Наверное при других обстоятельствах можно было бы сказать, что пламя вспыхнуло, но только не сейчас. Сейчас мне показалось, что здоровенная куча веток не горит, а тлеет, медленно, очень медленно. Цирк-зоопарк, и это в то самое время, когда входная дверь церкви буквально тает на глазах, когда в густом полумраке около нее уже шевелится зловещее черное нечто.
Неожиданно прозвучал отчаянный женский крик. Лиза не выдержала. Они бросила винтовку и, увлекая за собой брата, кинулась в дальний конец храма. Сознательно или бессознательно половина нашей команды шарахнулась вслед за ней. Леший с Нестеровым вскинули автоматы в весьма туманной надежде защититься. Фомин вцепился в плащ Главного и что-то неистово тараторил, возможно заклинал сотворить чудо. Быть может именно вид этого бывшего хозяина жизни, отчаянно молящего о спасении, и пробудил во мне гнев, стыд за род человеческий, слабый, никчемный, трусливый, унижающийся на глазах у чужого. Цирк-зоопарк, да если уж суждено помереть, так умри ты как мужчина!
Умереть как мужчина. Не скажу, что именно это желание подтолкнуло меня к действию. Скорее сработала заложенная где-то в подкорке мозга программа защиты своего дома, своей крепости. Очень старая, можно сказать древняя программа, которую использовало не одно поколение моих предшественников, начиная еще с первобытного человека. Именно она и подсказала, что оборонять вход, куда сподручней, чем сражаться с ордами неприятеля, ворвавшимися внутрь. Это аксиома, и справедлива она даже сейчас. Конечно, в драке с призраками мои шансы равны нулю. Но этот маленький дохленький нолик превратится в большой и жирный нолище, как только полковник Ветров встанет у входной двери.
Все это пронеслось в моем мозгу за долю секунды. Еще мгновение ушло на создание плана контрудара. Когда все было готово я отшвырнул бесполезный теперь автомат и двумя руками схватился за торчащую из огня ветку. Это была если не самая большая, то по крайней мере самая густая ветка со множеством молодых побегов и даже кое-где уцелевшей засохшей листвой. Все это сейчас горело, превращая ветку в здоровенный ярко пылающий факел.
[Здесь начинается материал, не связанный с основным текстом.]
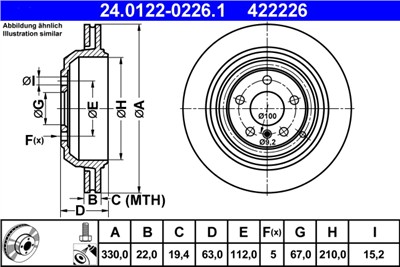 ATE 24.0122-0226.1 Číslo výrobce: 422226. EAN: 4006633264396.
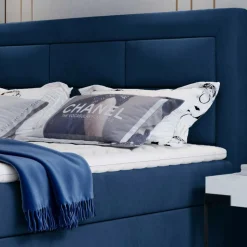 Samt-Boxbett in Dunkelblau - Kean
Огонь оказался около самого моего лица, он ослепил, обдал жаром и неожиданно придал уверенности. Я глянул на неотвратимо разваливающуюся дверь, зло проскрежетал: «А как вам это, суки?!» и очертя голову ринулся в атаку.
Возле входа я очутился как раз в тот момент, когда первые призраки прорвались внутрь. Из темноты на меня метнулось шевелящееся скопище черных, похожих на старые рваные бинты щупалец. Жуть, особенно если подумать, если представить кто именно эти твари. Только вот я не думал и не представлял, я просто атаковал, вложив в этот удар все свое отчаяние, всю свою ненависть. Призраки ответили тем же, и факел в моих руках буквально в доли секунды померк, скукожился, растерял половину своих огненных языков. Мой второй удар пришелся в самую гущу смертоносных черных лент, и те из них, до которых дотянулось пламя, распались, превратились в неистово кружащиеся облако серого пепла, такого подозрительно знакомого пепла. Это была победа, правда далась она ценой жизни, которую заплатил свет в отчаянной борьбе с мраком. Факел в моих руках будто окатили потоком воды, и он вмиг погас, не оставив на память о себе ни единой искорки.